DENVER--(BUSINESS WIRE)--Newmont Mining Corporation (NYSE: NEM) (“Newmont” or the “Company”) announced today that it has received commitments from several banks for a five-year, unsecured, amortizing term loan of $575 million. The term loan provides for a single, delayed draw-down through July 1, 2014, and is intended to repay the $575 million of convertible debt maturing in July 2014.
“We are pleased to receive commitments for this bank facility,” said Laurie Brlas, Executive Vice President and Chief Financial Officer. “The term loan allows for pre-payment of principal and provides us the flexibility to reduce debt and strengthen the balance sheet. The timing of the loan is ideal for repaying the 2014 maturities and the structure provides the opportunity to de-lever without penalty over the coming years.”

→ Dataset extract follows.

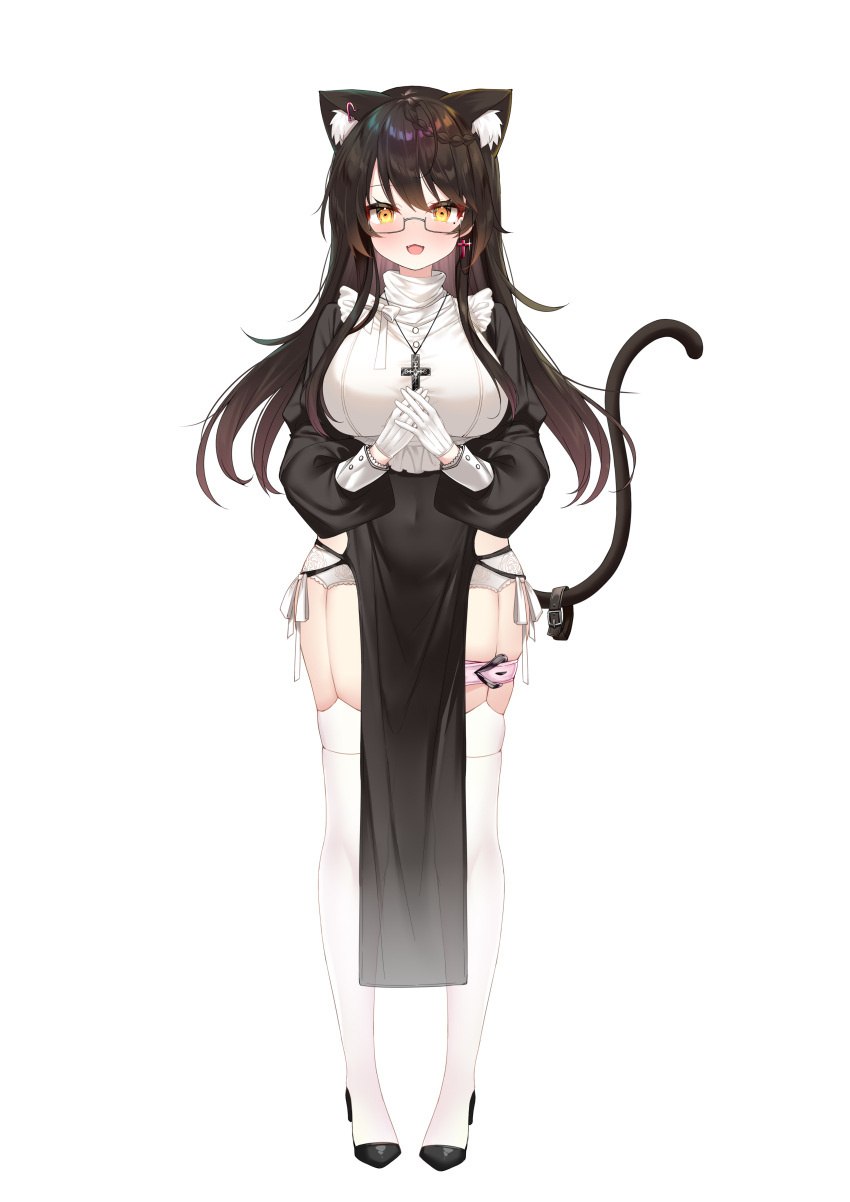 :d absurdres animal_ear_fluff animal_ears black-framed_eyewear black_dress black_hair blush breasts cat_ears cat_tail covered_navel cross cross_earrings cross_necklace dress earrings extra_ears feline female full_body garter_belt glasses gloves hecha_(01964237) high_heels highres jewelry large_breasts long_hair long_sleeves looking_at_viewer mole mole_under_eye necklace open_mouth original own_hands_together pelvic_curtain puffy_long_sleeves puffy_sleeves semi-rimless_eyewear skindentation smile solo standing tail thigh_strap thighhighs under-rim_eyewear unworn_collar white_footwear white_gloves white_thighhighs yellow_eyes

The term loan is expected to close by the end of March with final maturity five years from the date of funding. Covenants for the facility are substantially similar to those in the Company’s current revolving credit facility, including a single financial covenant requiring a Net Debt to Capitalization ratio below 62.5%. At December 31, the Company’s leverage ratio, as defined, was 28.8%.

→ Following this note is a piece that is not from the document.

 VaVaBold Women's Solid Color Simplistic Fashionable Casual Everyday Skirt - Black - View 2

This release contains "forward-looking statements" within the meaning of Section 27A of the Securities Act of 1933, as amended, and Section 21E of the Securities Exchange Act of 1934, as amended which are intended to be covered by the safe harbor created by such sections and other applicable laws. Such forward-looking statements may include, without limitation, statements regarding the timing and/or likelihood of closing the bank facility, future debt repayment and future financial flexibility. Where the Company expresses or implies an expectation or belief as to future events or results, such expectation or belief is expressed in good faith and believed to have a reasonable basis. However, such statements are subject to risks, uncertainties and other factors, which could cause actual results to differ materially from future results expressed, projected or implied by the "forward-looking statements". Such risks include, but are not limited to, gold and other metals price volatility, currency fluctuations, increased production costs and variances in ore grade or recovery rates from those assumed in mining plans, political and operational risks in the countries in which we operate, the receipt of third party approvals, the satisfaction or waiver of certain conditions specified in the commitment letter and/or the bank facility, and governmental regulation and judicial outcomes. For a more detailed discussion of such risks and other factors, see the Company's 2013 Annual Report on Form 10-K, expected to be filed on February 20, 2014 with the Securities and Exchange Commission, as well as the Company's other SEC filings. The Company does not undertake any obligation to release publicly revisions to any "forward-looking statement," to reflect events or circumstances after the date of this news release, or to reflect the occurrence of unanticipated events, except as may be required under applicable securities laws. Investors should not assume that any lack of update to a previously issued "forward-looking statement" constitutes a reaffirmation of that statement. Continued reliance on "forward-looking statements" is at investors' own risk.